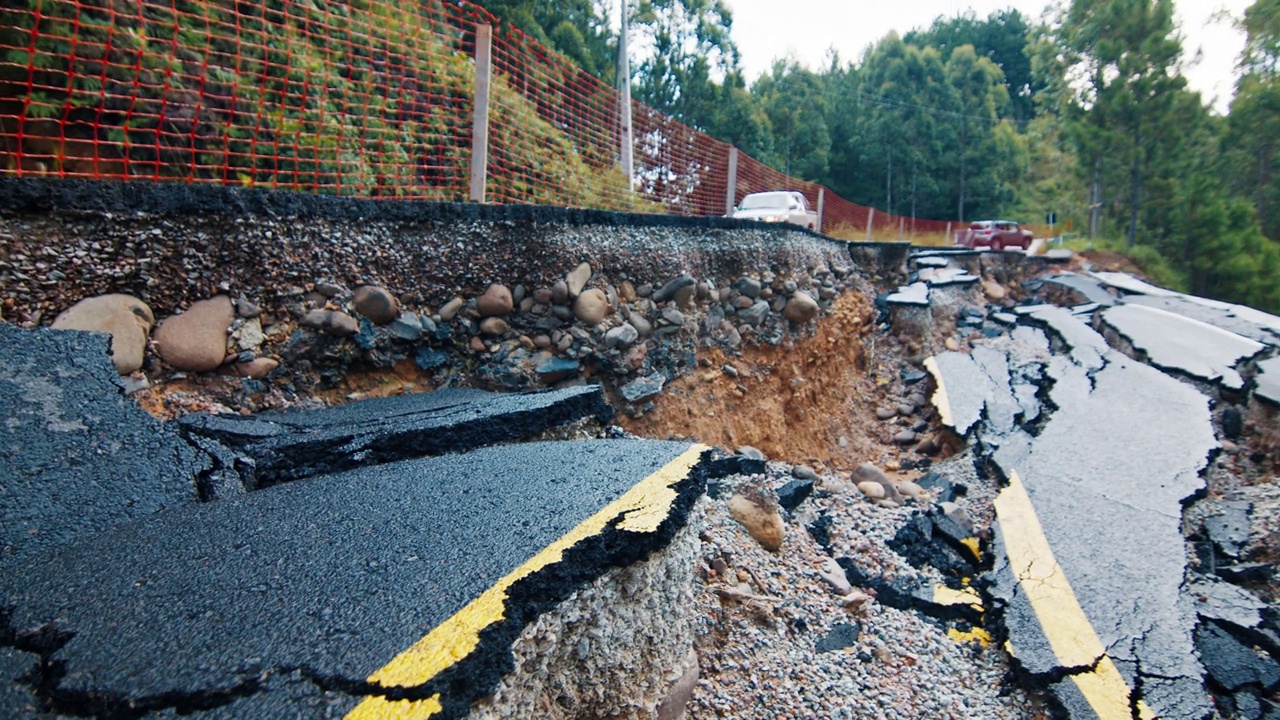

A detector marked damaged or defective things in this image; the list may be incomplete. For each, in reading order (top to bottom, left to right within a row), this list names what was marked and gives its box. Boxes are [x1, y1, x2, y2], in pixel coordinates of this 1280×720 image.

broken pavement slab [0, 440, 711, 712]
broken pavement slab [180, 384, 614, 484]
damaged asphalt road [916, 254, 1280, 712]
broken pavement slab [1095, 303, 1264, 392]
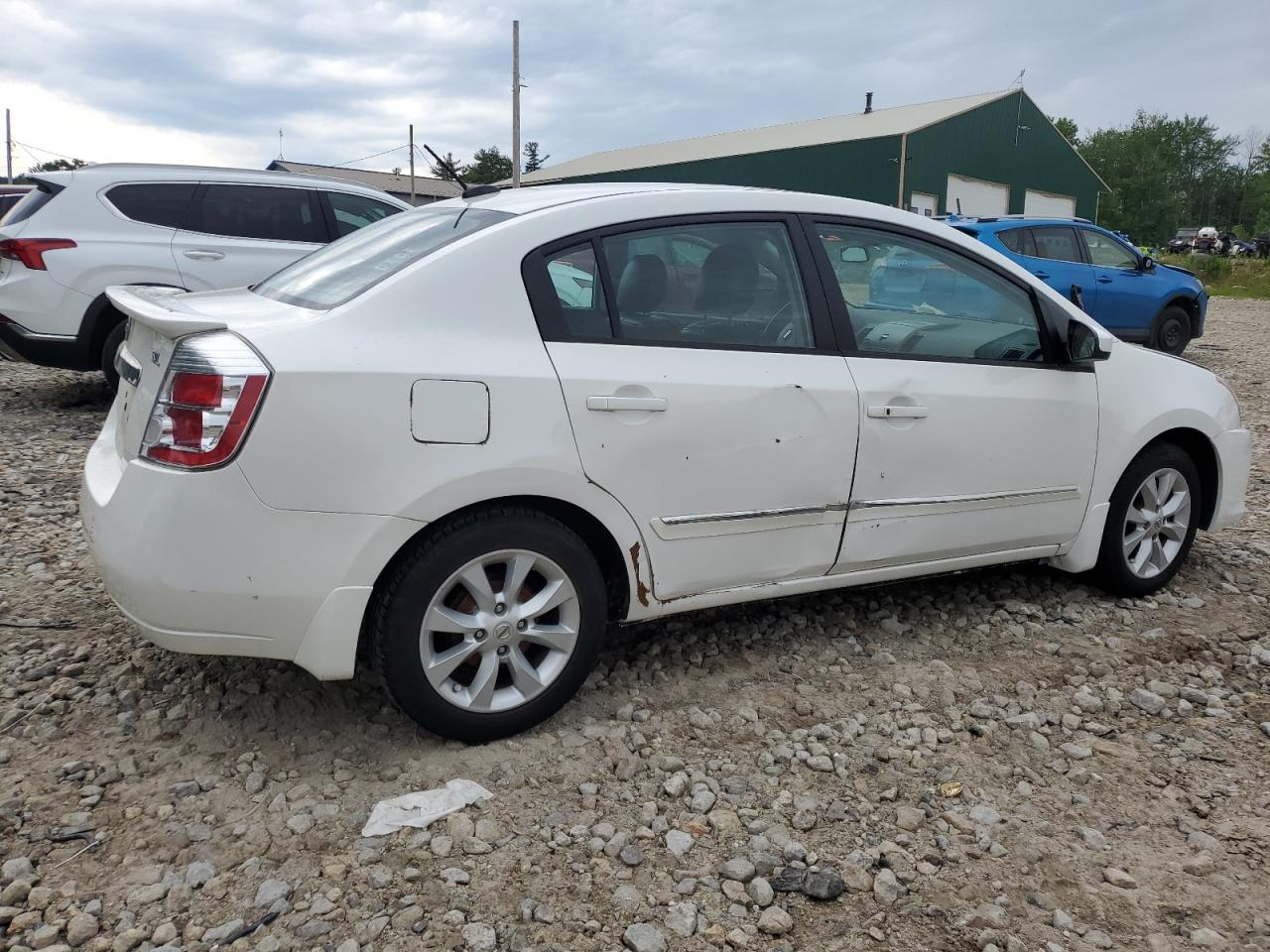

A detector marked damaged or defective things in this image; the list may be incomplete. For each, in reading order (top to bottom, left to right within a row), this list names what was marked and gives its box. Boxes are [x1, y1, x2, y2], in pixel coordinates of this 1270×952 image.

rust spot on rocker panel [629, 540, 650, 606]
dented front door [548, 342, 858, 596]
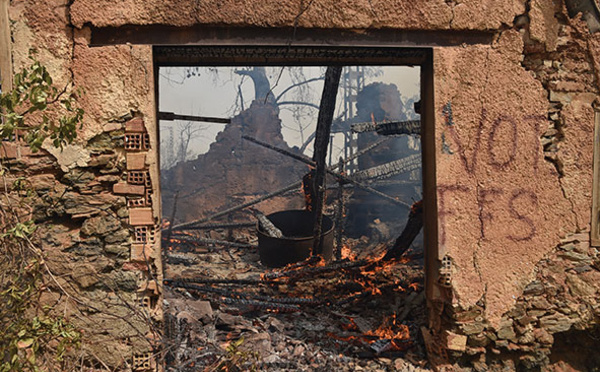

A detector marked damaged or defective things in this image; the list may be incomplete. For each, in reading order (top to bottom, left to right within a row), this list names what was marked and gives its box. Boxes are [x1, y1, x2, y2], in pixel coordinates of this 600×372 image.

fire damage [157, 68, 424, 370]
burnt wooden beam [312, 66, 344, 253]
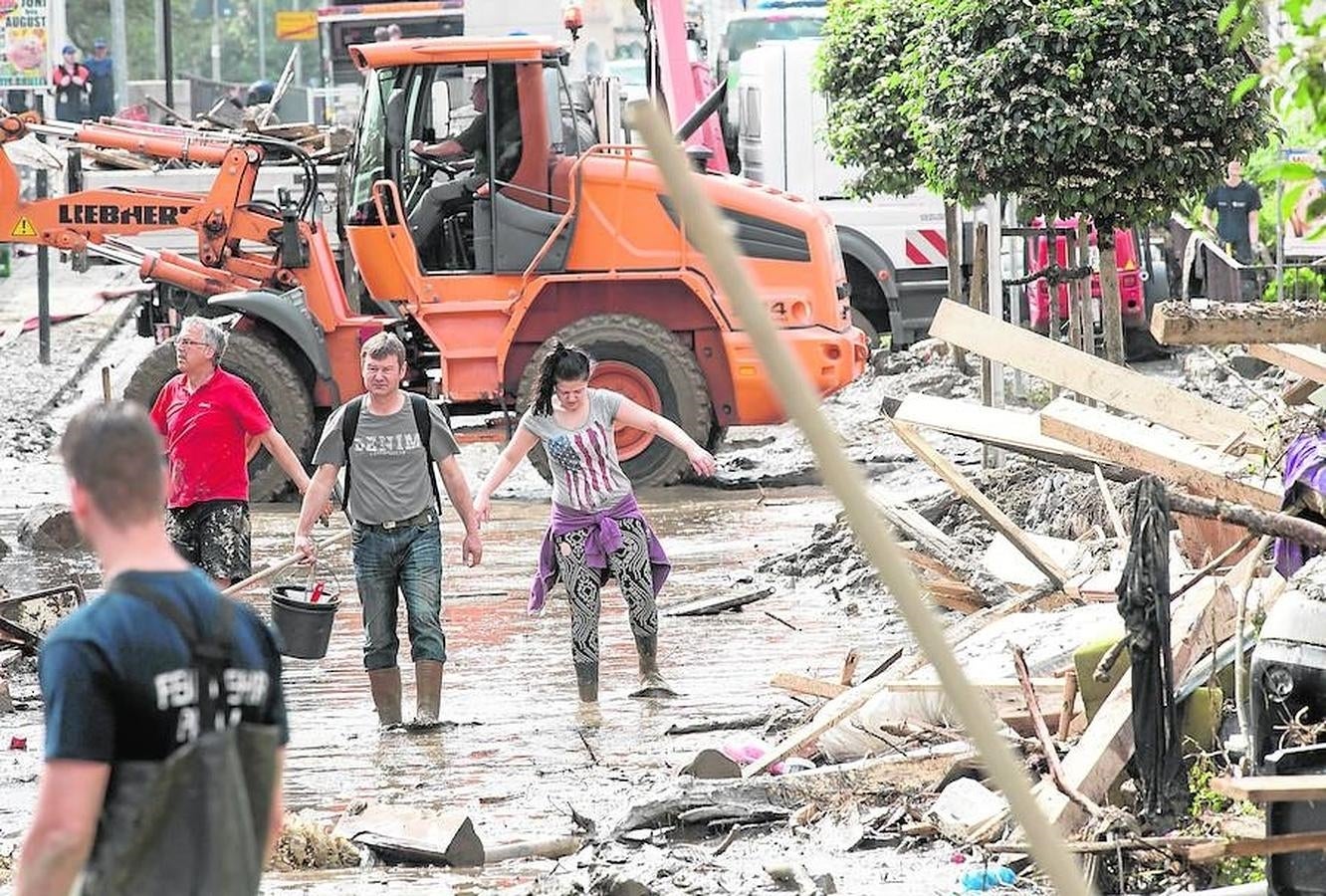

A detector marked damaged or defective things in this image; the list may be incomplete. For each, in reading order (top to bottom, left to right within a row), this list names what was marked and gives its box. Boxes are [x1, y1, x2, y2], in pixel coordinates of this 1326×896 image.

broken plank [1139, 299, 1322, 344]
broken plank [924, 297, 1258, 444]
broken plank [1242, 340, 1322, 382]
broken plank [1035, 398, 1282, 510]
broken plank [884, 424, 1067, 593]
broken plank [665, 589, 769, 617]
broken plank [1211, 773, 1326, 800]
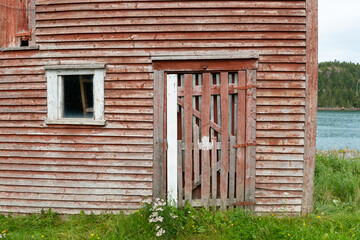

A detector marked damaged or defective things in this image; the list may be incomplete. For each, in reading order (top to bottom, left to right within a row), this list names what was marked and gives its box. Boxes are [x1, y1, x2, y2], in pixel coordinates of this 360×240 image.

broken window pane [63, 75, 94, 118]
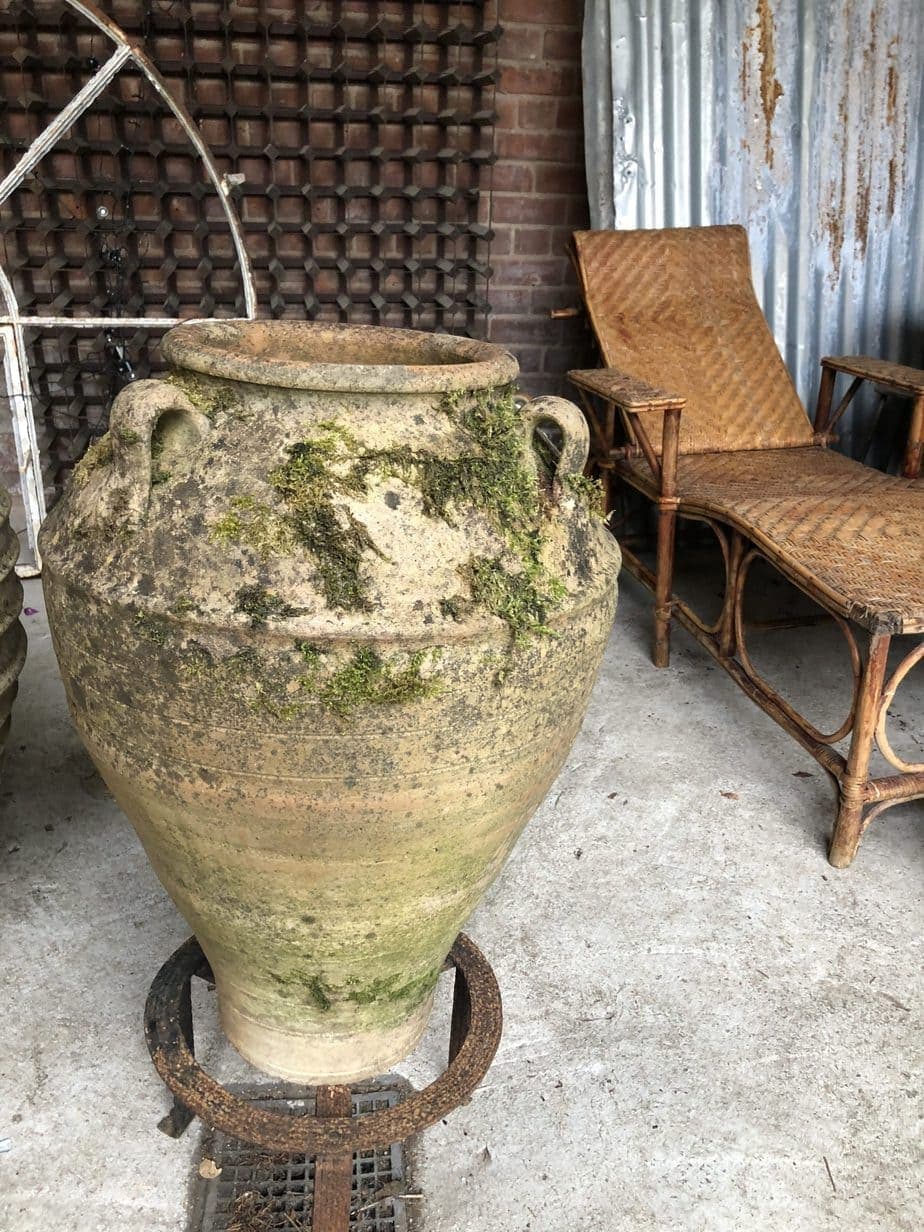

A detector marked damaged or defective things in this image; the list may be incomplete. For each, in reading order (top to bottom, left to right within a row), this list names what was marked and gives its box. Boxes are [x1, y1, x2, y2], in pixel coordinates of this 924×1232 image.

rusty corrugated panel [586, 0, 924, 458]
rusty metal stand [144, 931, 502, 1232]
rusty iron ring [146, 931, 507, 1153]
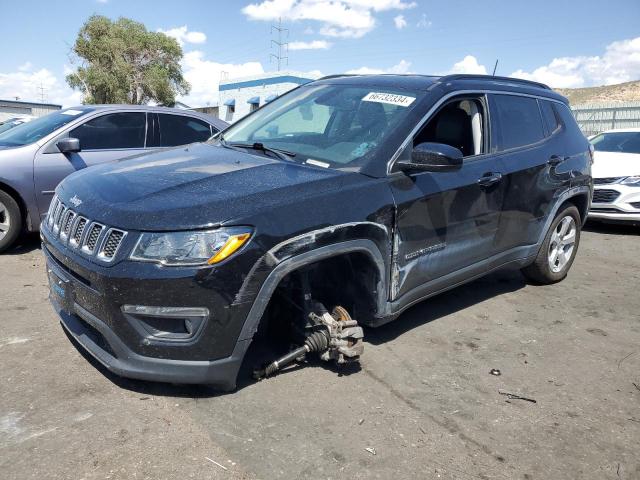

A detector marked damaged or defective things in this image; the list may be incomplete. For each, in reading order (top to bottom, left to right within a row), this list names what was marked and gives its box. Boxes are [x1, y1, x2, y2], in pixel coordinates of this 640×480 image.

damaged fender flare [235, 240, 384, 344]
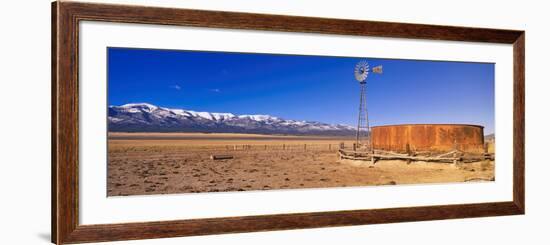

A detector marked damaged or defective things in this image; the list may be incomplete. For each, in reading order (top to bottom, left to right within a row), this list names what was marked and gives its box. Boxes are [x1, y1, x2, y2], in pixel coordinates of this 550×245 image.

rusty water tank [374, 124, 486, 153]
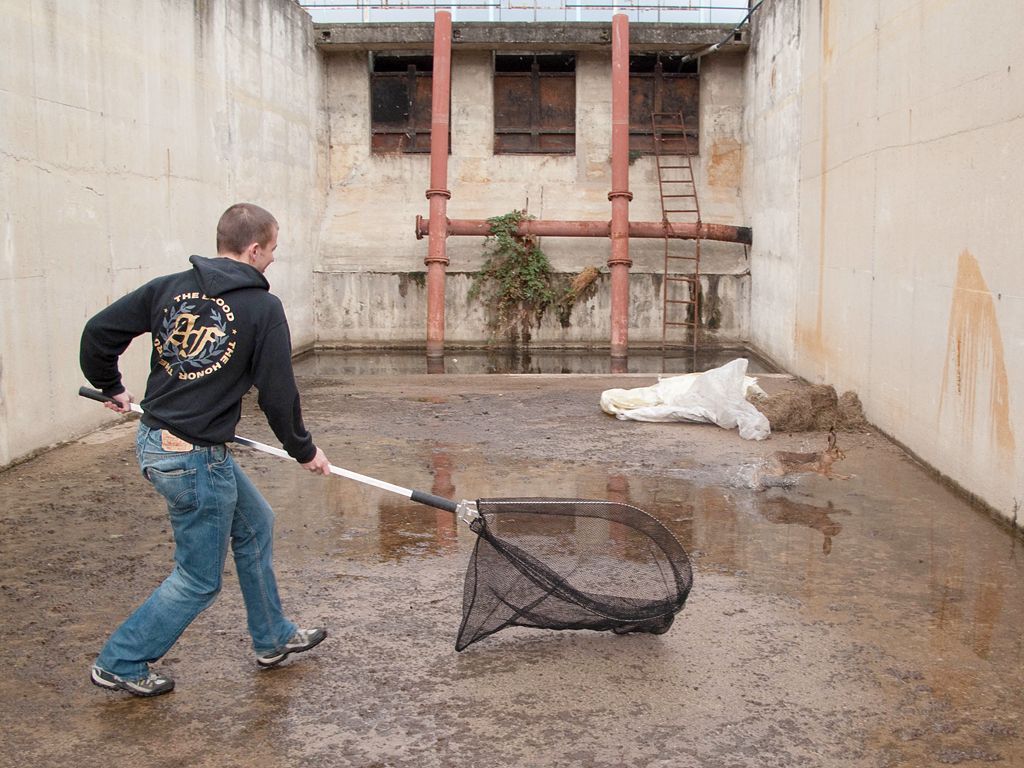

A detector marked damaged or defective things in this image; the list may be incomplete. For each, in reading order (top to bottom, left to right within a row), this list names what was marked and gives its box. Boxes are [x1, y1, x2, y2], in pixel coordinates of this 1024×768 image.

rusty red pipe [425, 12, 454, 360]
rusty red pipe [413, 217, 753, 246]
rusty red pipe [606, 12, 630, 360]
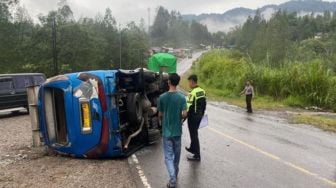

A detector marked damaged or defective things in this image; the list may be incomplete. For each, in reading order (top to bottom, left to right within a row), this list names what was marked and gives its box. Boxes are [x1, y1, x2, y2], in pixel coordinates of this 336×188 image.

overturned bus [36, 68, 168, 157]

__________

■ **TASK DIRECTIONS**: Please set down the lines from the one with "this 550×245 image." to the end of the entries above, exactly as they are, and drop every picture.

■ **PROBLEM SOLUTION**:
A detector marked damaged or defective things in this image; the list may be incomplete. For each, in reading order (top to bottom, left to right within a row), this list names what was marked and gives its box. Boxes are [x1, y1, x2, y2], in pixel coordinates of this 550×245 image.

rusty water tank [374, 124, 486, 153]

A detector marked damaged or defective things in this image; the list may be incomplete. For each, in reading order (top to bottom, left to right within a row), this list names what was marked and gives its box. Boxes are [x1, y1, x2, y2], in pixel coordinates of this 1024×768 image.

rusty red pipe [425, 12, 454, 360]
rusty red pipe [413, 217, 753, 246]
rusty red pipe [606, 12, 630, 360]

A detector marked damaged or defective things in this image; the list may be incomplete. For each, in reading order (top to bottom, left to right within a row), this list names what was marked and gives its box. Boxes are [x1, y1, x2, y2], in pixel coordinates of this 336×188 image.

overturned bus [36, 68, 168, 157]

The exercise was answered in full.